The thing is, developers have been hired to automate process, and as for any professional doing a good job, that means the output should perform reliably. But now they are forcing us to use a tools that everyone knows is not reliable, but the onus is still on us to keep the same reliability. So do you see why we are not thrilled?

It’s like providing a faulty piano (that shuffles the notes when a key is pressed) and expecting a good rendition of the Moonlight Sonata.

Or a crane that will stall and drop its load randomly. It would have been sent to the scrapyard on the first day.


> "Or a crane that will stall and drop its load randomly. It would have been sent to the scrapyard on the first day."

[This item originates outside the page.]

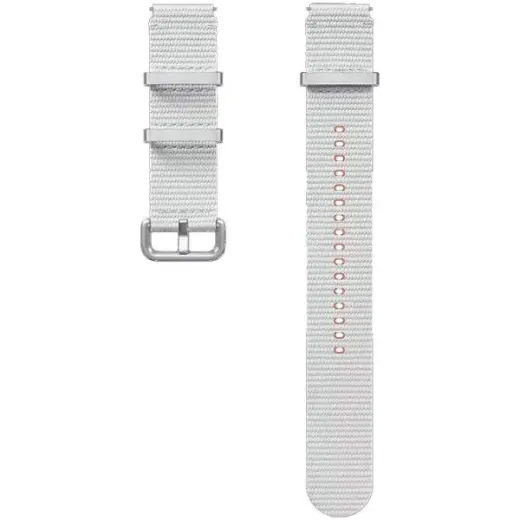 Pasek Athleisure Band Samsung ET-SOL31LSEGEU do Watch7 | 6 | 5 | 4 22mm M|L srebrny|silver Фото num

The only reason you have the concept that engines can "stall" is because people have bought engines that can stall by the hundreds of millions, instead of the earliest people refusing to buy them at all and all waiting for the perfect engine.

Container ships can sink with all the containers lost at sea. Still used.

Steam train engines could explode, derailing the train and killing some passengers and employees. Still used.

Buildings can collapse. Still used.

Pneumatic tyres can burst. Still used.

Here[1] is Tom Scott using a recreation walking crane from the 13th century, a technology going back to Roman times, which has no evidence that it ever had brakes on it historically. Look at that and tell me you think the rope never snappped, the wood never broke, the walker never tripped and the thing never unreeled the load back to the ground with the walker severely injured, because if it went wrong builders would refuse to use it? No chance.

Nothing functions like you're claiming; that's where we get the saying "don't let perfect be the enemy of good enough", as soon as stuff is better than not having it, people want to make use of it.

[1] https://www.youtube.com/watch?v=pk9v3m7Slv8


You forgot to address the random aspect of the failure cases.

Real world is chaotic, technology was always first about controlling, then improving said control. A lot of the risks in the situations you described have been brought down that the savings (time, money,…) are magnitude more than the cost of the failure.

I’m not asking for perfection, but something good enough that we can demonstrate the savings outweigh the costs. So far there’s none. In fact, we are increasing it. And fast.


> But now they are forcing us to use a tools that everyone knows is not reliable, but the onus is still on us to keep the same reliability. So do you see why we are not thrilled?

Why generalizing your own experience on other's?